Take the lines from the beginning of the material through the line containing "Lab Grown 2" and retype them exactly, leaving the pictures out.

Source material =>
================
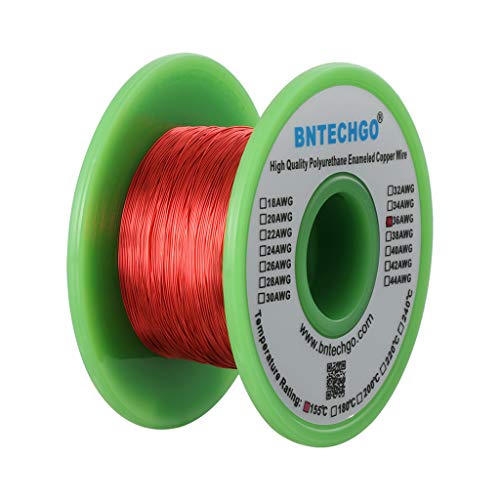 BNTECHGO 36 AWG Magnetdraht – emaillierter Kupferdraht – emaillierter Magnetwickeldraht – 113.4 g – 0.000 cm Durchmesser, 1 Spule, rot, weit verbreitet für Transformatoren, Induktoren von BNTECHGO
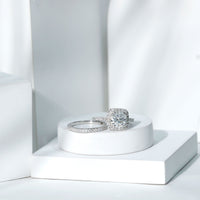 Lab Grown 2 Carat Diamond Halo Engagement Ring with Wedding Band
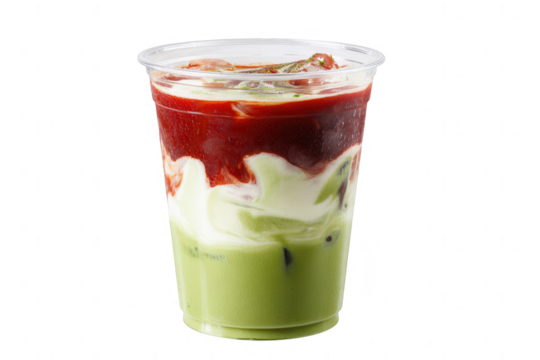 an iced matcha latte with red and green layers in a plastic cup, isolated on a white background, png, transparent - Powered by Adobe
================
Result below =>
 BNTECHGO 36 AWG Magnetdraht – emaillierter Kupferdraht – emaillierter Magnetwickeldraht – 113.4 g – 0.000 cm Durchmesser, 1 Spule, rot, weit verbreitet für Transformatoren, Induktoren von BNTECHGO
 Lab Grown 2 Carat Diamond Halo Engagement Ring with Wedding Band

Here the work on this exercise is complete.